## Description of the task
Restate word for word all of the lines below, with each image left out.

## Data provided
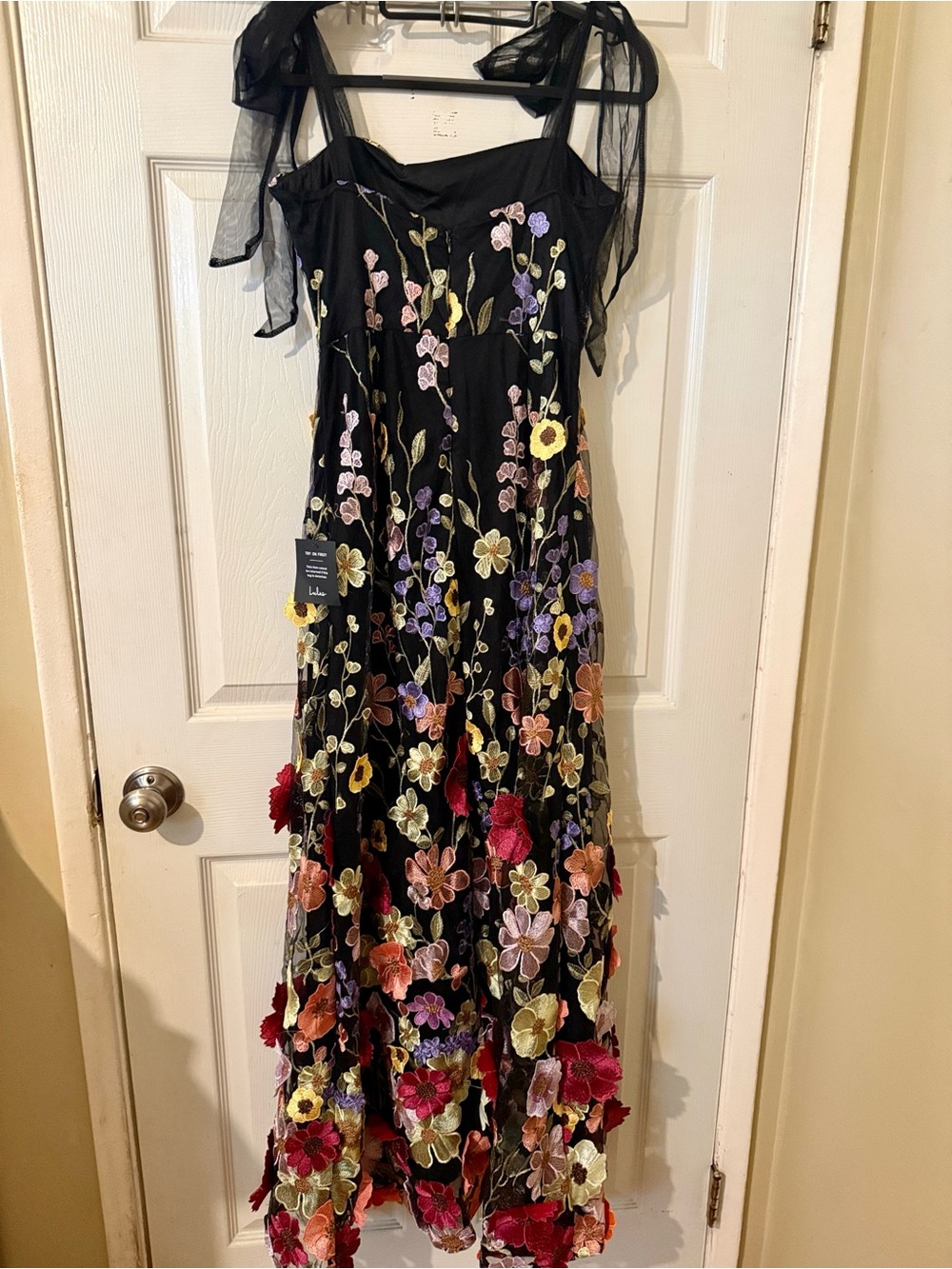 Black Floral Embroidered Maxi Dress - Picture 5 of 5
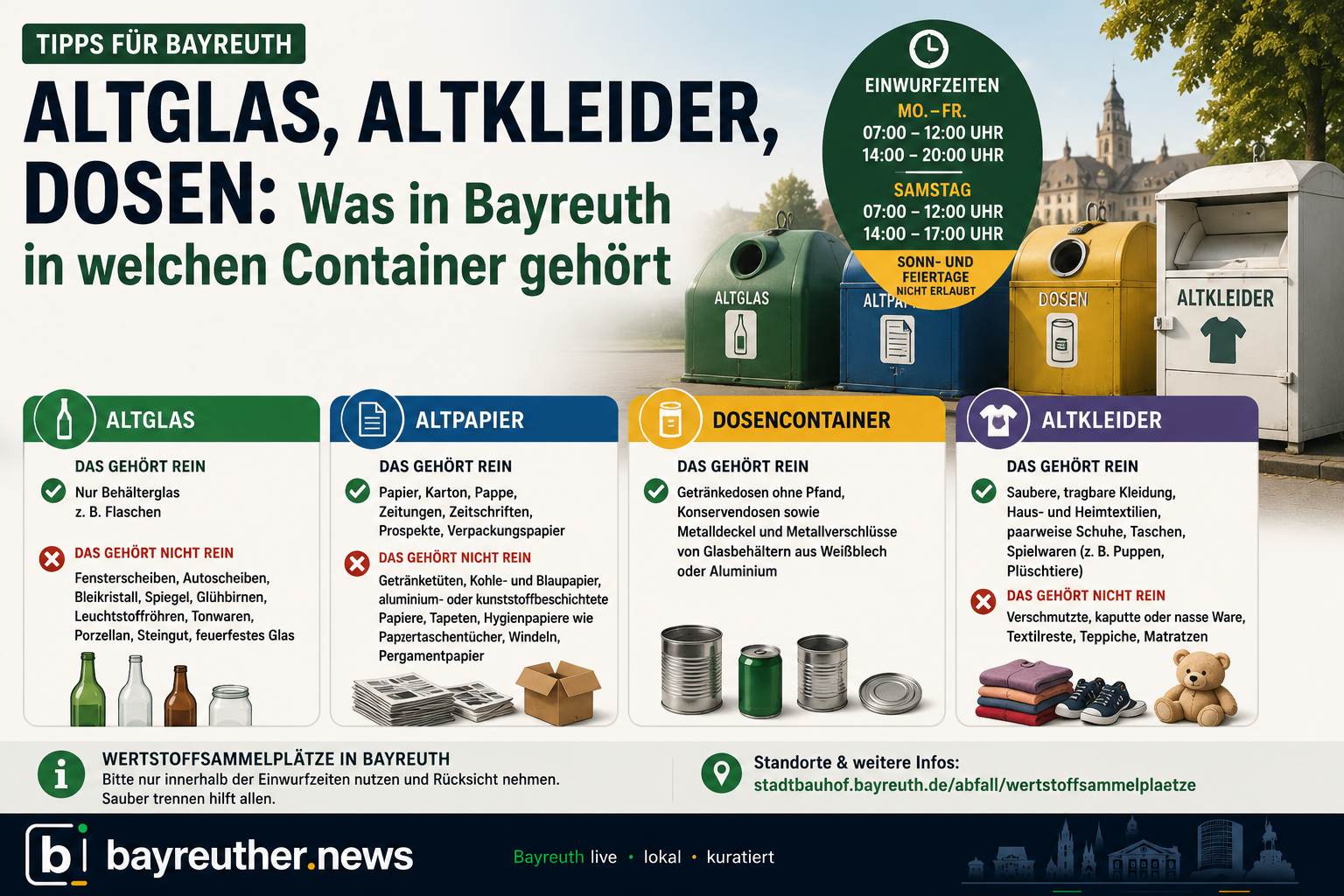 Wertstoffsammelplätze in Bayreuth: Das Wo & Wann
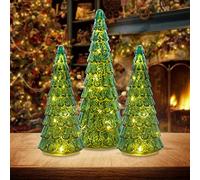 PHITRIC Christmas Decorations Indoor, 3 pcs Sparkling Glass Christmas Tree with LED Lights and Timer, Tabletop Christmas Tree Decor, Xmas Tree Decorations for Living Room, Fireplace, Table, Home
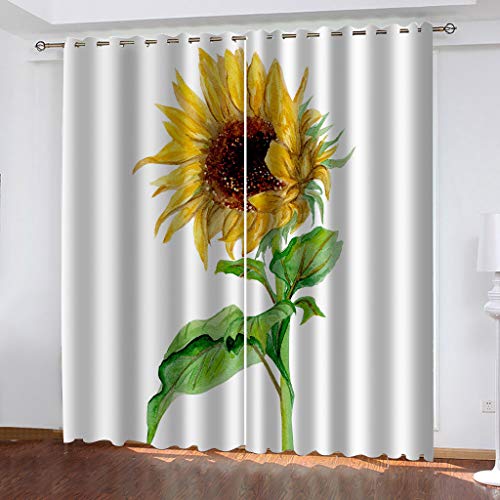 Gardinen Kinderzimmer Blickdichter Vorhang 200X214Cm 2 Stücke 3D Gemalte Sonnenblumen Muster Verdunklungsvorhänge Schlafzimmer Wohnzimmer Dekoration Ösenschal Kinder Thermovorhang Gardinen Kinderzimmer Blickdichter Vorhang 200X214Cm 2 Stücke 3D Gemalte Sonnenblumen Muster Verdunklungsvorhänge Schlafzimmer Wohnzimmer Dekoration Ösenschal Kinder Thermovorhang von SVTUSR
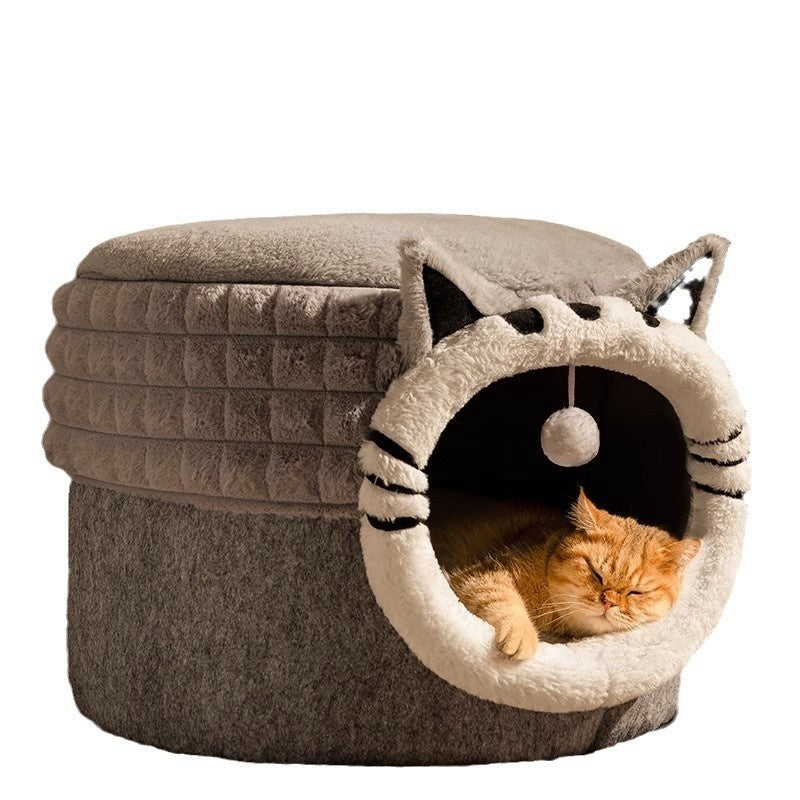 Warm Enclosed Bed All - Season Safe Hideaway For Cats Small Pet Bed Winter Cat Bed - 0 - CJ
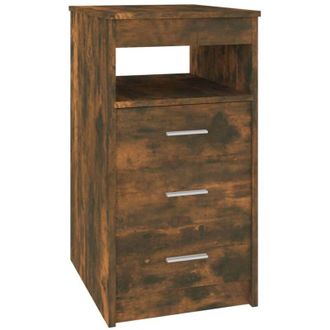 vidaXL Vidaxl - Cajonera de madera contrachapada color roble ahumado 40x50x76cm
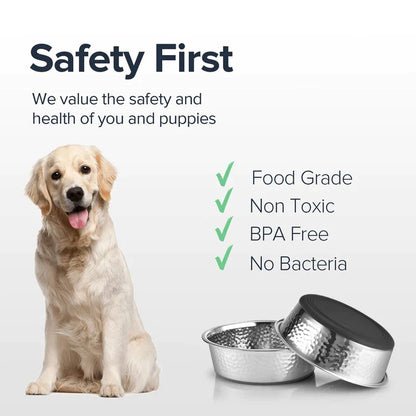 Luxury Hammered Stainless Steel Dog Bowls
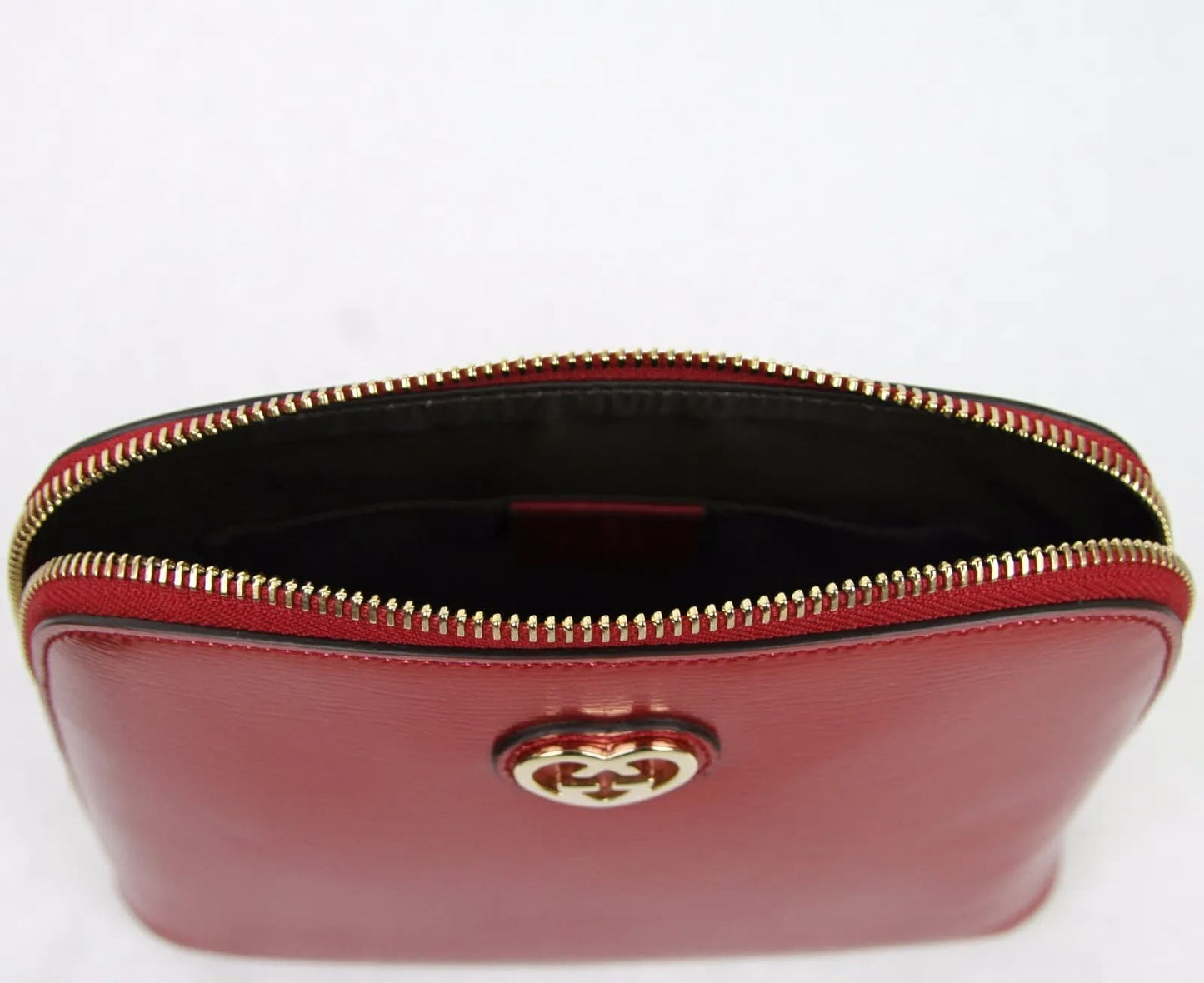 Gucci Red Shiny Leather w/Interlocking G Cosmetic Case
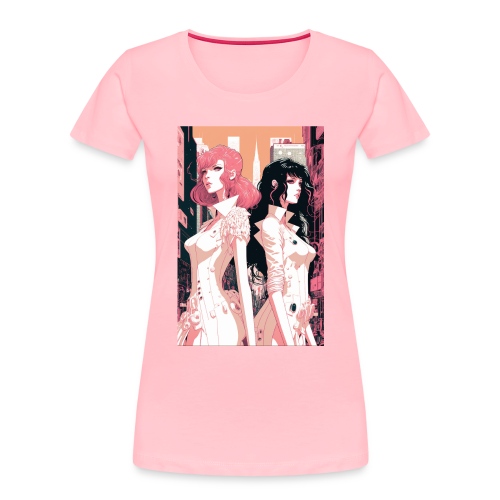 Pink and Black - Cyberpunk Illustrated Portrait - Women's Premium Organic T-Shirt
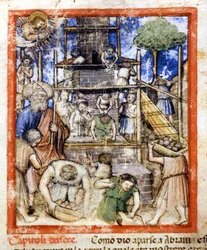 Bau des Turms von Babel. Miniatur aus Codex 212 (oder Padovaner Kodex oder Bibel von Padua) 1390-1400 Rovigo, Accademia dei Concordi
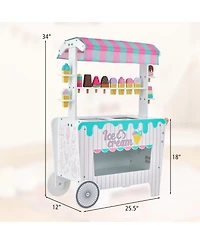 Kids Ice Cream Cart Playset with Display Rack and Accessories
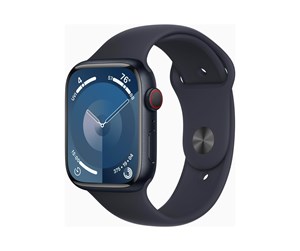 Smartklokke, Smartwatch & Sportsklokke - Apple Watch Series 9 GPS + Cellular 45mm - Midnight Aluminium Case with Midnight Sport Band - S/M - MRMC3DH/A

## Problem solution
 Black Floral Embroidered Maxi Dress - Picture 5 of 5
 Wertstoffsammelplätze in Bayreuth: Das Wo & Wann
 PHITRIC Christmas Decorations Indoor, 3 pcs Sparkling Glass Christmas Tree with LED Lights and Timer, Tabletop Christmas Tree Decor, Xmas Tree Decorations for Living Room, Fireplace, Table, Home
 Gardinen Kinderzimmer Blickdichter Vorhang 200X214Cm 2 Stücke 3D Gemalte Sonnenblumen Muster Verdunklungsvorhänge Schlafzimmer Wohnzimmer Dekoration Ösenschal Kinder Thermovorhang Gardinen Kinderzimmer Blickdichter Vorhang 200X214Cm 2 Stücke 3D Gemalte Sonnenblumen Muster Verdunklungsvorhänge Schlafzimmer Wohnzimmer Dekoration Ösenschal Kinder Thermovorhang von SVTUSR
 Warm Enclosed Bed All - Season Safe Hideaway For Cats Small Pet Bed Winter Cat Bed - 0 - CJ
 vidaXL Vidaxl - Cajonera de madera contrachapada color roble ahumado 40x50x76cm
 Luxury Hammered Stainless Steel Dog Bowls
 Gucci Red Shiny Leather w/Interlocking G Cosmetic Case
 Pink and Black - Cyberpunk Illustrated Portrait - Women's Premium Organic T-Shirt
 Bau des Turms von Babel. Miniatur aus Codex 212 (oder Padovaner Kodex oder Bibel von Padua) 1390-1400 Rovigo, Accademia dei Concordi
 Kids Ice Cream Cart Playset with Display Rack and Accessories
 Smartklokke, Smartwatch & Sportsklokke - Apple Watch Series 9 GPS + Cellular 45mm - Midnight Aluminium Case with Midnight Sport Band - S/M - MRMC3DH/A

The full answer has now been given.